§ **PROVIDED DATA**:

--- --- ---

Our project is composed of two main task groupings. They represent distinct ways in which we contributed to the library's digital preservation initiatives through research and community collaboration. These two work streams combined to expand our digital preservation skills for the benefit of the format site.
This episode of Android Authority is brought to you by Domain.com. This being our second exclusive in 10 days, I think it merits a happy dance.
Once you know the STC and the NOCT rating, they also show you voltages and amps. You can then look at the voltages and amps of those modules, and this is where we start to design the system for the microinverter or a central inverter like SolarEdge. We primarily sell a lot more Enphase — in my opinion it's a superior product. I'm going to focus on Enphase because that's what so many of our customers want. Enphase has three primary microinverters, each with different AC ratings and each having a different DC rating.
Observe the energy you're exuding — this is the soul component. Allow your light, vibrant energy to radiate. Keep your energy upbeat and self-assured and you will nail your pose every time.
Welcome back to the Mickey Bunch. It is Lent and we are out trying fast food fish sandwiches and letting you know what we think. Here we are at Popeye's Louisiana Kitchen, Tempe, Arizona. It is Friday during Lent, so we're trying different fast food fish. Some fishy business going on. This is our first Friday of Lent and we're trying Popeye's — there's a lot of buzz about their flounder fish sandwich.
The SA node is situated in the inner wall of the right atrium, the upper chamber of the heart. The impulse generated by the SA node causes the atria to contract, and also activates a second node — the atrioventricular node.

--- --- ---

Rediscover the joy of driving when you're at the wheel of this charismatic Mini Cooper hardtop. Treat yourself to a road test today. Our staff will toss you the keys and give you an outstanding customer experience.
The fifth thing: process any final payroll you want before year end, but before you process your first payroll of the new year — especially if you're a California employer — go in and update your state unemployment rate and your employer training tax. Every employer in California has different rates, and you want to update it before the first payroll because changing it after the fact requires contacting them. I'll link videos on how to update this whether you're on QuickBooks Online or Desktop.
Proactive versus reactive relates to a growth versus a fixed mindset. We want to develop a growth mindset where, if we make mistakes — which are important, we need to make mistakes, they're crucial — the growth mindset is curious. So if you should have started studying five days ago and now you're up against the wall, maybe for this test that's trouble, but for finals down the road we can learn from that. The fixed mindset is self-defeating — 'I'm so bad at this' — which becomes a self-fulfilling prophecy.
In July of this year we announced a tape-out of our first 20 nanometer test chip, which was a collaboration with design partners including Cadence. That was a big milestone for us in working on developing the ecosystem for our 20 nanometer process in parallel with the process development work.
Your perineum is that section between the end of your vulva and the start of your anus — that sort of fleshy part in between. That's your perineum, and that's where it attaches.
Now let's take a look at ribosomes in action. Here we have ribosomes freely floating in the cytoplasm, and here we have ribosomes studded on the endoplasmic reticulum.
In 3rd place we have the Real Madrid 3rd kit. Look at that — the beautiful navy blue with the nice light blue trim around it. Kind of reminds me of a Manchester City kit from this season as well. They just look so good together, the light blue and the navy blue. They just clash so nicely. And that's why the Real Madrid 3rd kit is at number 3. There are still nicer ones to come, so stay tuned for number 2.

--- --- ---

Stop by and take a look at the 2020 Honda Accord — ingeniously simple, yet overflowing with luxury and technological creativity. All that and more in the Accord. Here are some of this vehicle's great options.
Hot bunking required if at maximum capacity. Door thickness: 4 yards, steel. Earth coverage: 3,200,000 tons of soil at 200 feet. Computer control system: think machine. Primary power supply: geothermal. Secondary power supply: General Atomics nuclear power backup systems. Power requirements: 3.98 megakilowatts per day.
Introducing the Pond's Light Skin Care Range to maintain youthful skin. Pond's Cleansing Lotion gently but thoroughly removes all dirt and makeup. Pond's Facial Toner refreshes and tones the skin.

--- --- ---

§ **DESCRIPTION OF THE TASK**: In the records above, how many lines hold the string "process"? Only the number should be given.

§ **RESULT OF THIS EXERCISE**: 2